_Assignment_:
Please, from the entries below, transcribe exactly the lines that begin at the line with "Volkswagen PASSAT B4 Intercooler hose/pipe" and end at the line with "Reeds Spring Cabin", without the pictures.

_Information given_:
********************
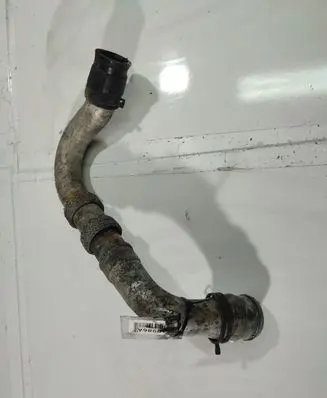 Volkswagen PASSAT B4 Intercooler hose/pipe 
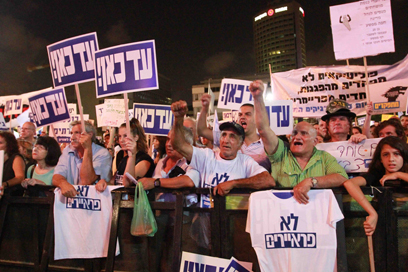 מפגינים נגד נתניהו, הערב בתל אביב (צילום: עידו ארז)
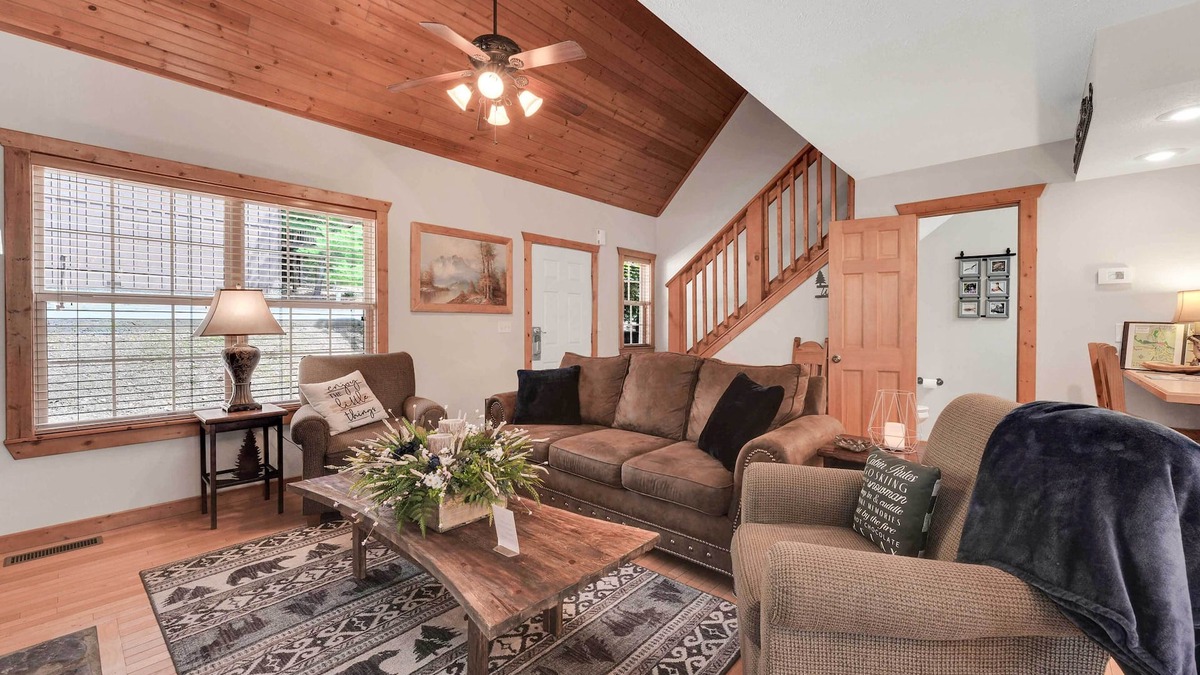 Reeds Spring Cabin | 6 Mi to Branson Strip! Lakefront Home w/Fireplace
********************
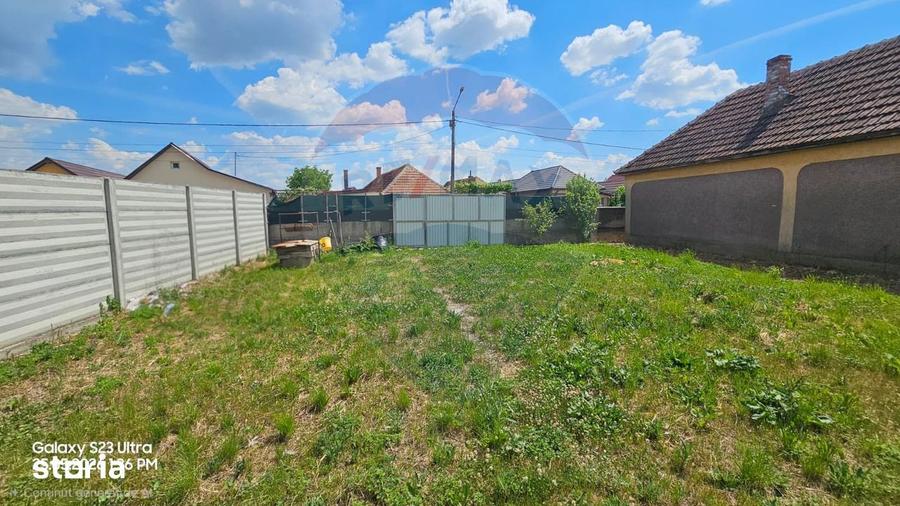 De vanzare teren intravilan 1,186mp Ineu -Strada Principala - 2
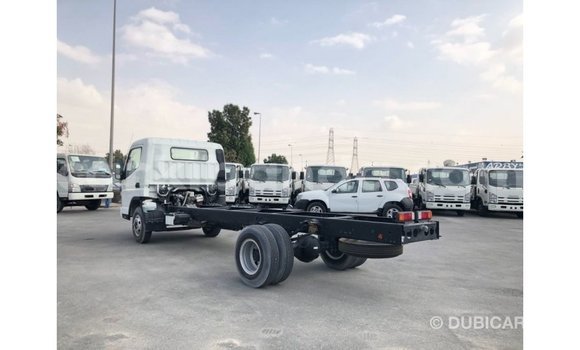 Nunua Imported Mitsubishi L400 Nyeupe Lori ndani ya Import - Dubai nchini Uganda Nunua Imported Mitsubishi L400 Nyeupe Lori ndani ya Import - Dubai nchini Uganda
********************
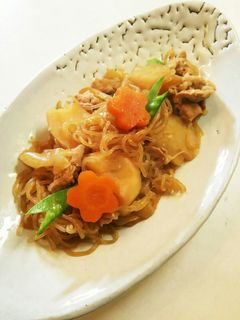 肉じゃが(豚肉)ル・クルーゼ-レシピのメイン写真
********************
_Exercise result_:
 Volkswagen PASSAT B4 Intercooler hose/pipe 
 מפגינים נגד נתניהו, הערב בתל אביב (צילום: עידו ארז)
 Reeds Spring Cabin | 6 Mi to Branson Strip! Lakefront Home w/Fireplace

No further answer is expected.